9. Der Umbau der Energiewirtschaft stärkt die Wirtschaft insgesamt. Der volks-wirtschaftliche Nutzen der anstehenden Investitionen ist enorm. Er ist sowohl ein positiver Impuls für die deutsche Exportindustrie als Hersteller moderner Anlagen als auch ein Konjunkturprogramm für das lokale Handwerk.

 

Mit einem Umsatz von 36 Mrd. Euro, etwa 300.000 direkt und indirekt Beschäftigten, vermiedenen Energieimporten in einer Größenordnung von fast 6 Mrd. Euro und einer Vermeidung von Umweltschäden in der Größenordnung von 7.8 Mrd. Euro sind die Erneuerbaren zu einer stetig wachsenden relevanten volkswirtschaftlichen Größe in der Bundesrepublik geworden.

 

Anspruchsvolle Klimaschutz- und Energiepolitik heißt, den Unternehmen Heimatmärkte für Zukunftstechnologien und damit für Exportmärkte zu bieten und so Deutschland als  echnologiestandort abzusichern. Diesen Konsens gilt es gesellschaftlich zu erhalten.

 

 

10. Der Ausstieg aus der Kernkraft führt nicht zu höheren Strompreisen.

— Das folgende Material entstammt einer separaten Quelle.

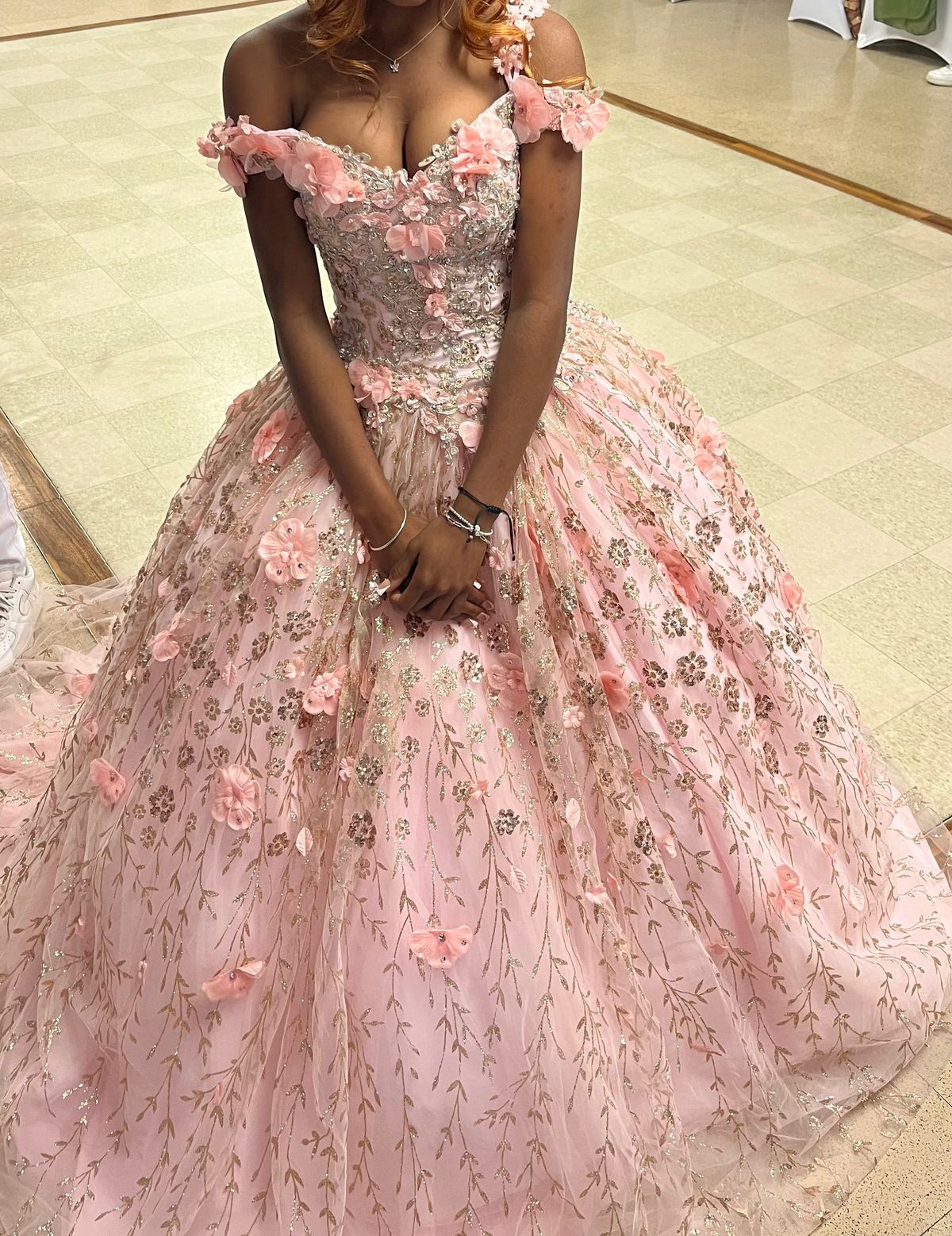 Size 4 Prom Pink Ball Gown on Queenly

Preisbildend ist die Strombörse. Der durch den Ausstieg aus der Atomkraft mögliche Einstieg neuer Erzeuger in den Energiemarkt reduziert die marktbeherrschende Stellung der vier Kernkraftwerksbetreiber und fördert den Wettbewerb. Nur Wettbewerb führt zu langfristig kostengerechten Preisen für Verbraucher, Mittelstand und Industrie. Fehlender Wettbewerb ist teuer.